What is Circus movement of the heart or re-entrant?
Where the electrical signal doesn’t complete the normal circuit but loops back on itself.
e.g. caused if there is a bificating tract (in A shape), normally the two opposing directions and refractory period cant re-excite yet mean wouldnt travel across, but if one way is blocked may travel across and up again.
Most larger vessels have tonic Sympathetic/Para cholinergic/adrenergic input causing vasoconstriction/vasodilation
Sympathetic- adrenaline
Adrenergic
Vasoconstriction.
Pre-capillary muscles in sketal muscle have sympathetic/para input of ….. causing vasodilation/vasoconstriction? Skeletal muscle has no …. input
Sympathetic
Ach (cholinergic)
Vasodilation e.g. muscles get more blood to
Parasympathetic
Erectile tissue/ glands have symathetic/para innervation causing vasodilation/vasoconstriction?
Parasympathetic ACH
Vasodilation
Where is there strong autonomic sympathetic vasoconstriction and where weak for example? WHy?
e.g. few sympathetic nerve fibres run through cerebrum as always want high blood flow to brain
whereas lots of fibres in cutaneous tissue so can vary dilation depending on heat, exercise to muscles etc.
What causes vasoconstriction in the vessels?

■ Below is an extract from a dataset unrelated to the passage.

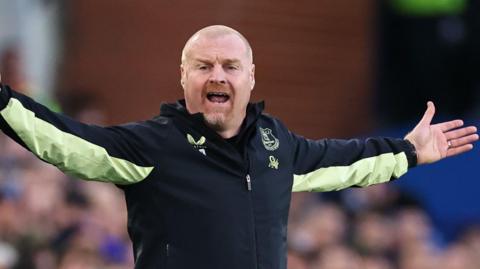 Sean Dyche with arms outstretched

Smooth muscle contraction- constrict the lumen.
Which 3 humeral factors impact vessel diameter?
Adrenaline- Vasoconstriction of skin, dilation to skeletal muscle, liver (more glucose into blood stream)
Kinins- e.g. bradykinin- vasodilator inflammation
Angiotensin II- Vasoconstrictor, increase BP. (ACE RENIN PATHWAY)
Which 3 local agents impact vessel diameter?
- Prostaglandin- vasodilation at site of infection so WBC can come- inflammation
- Serotonin- Damaged platelets release- local constriction as aggregate together at a wound and stop bleeding.
- Histamine- Allergy. Bronchioconstriction, vasodilation to flush out toxin.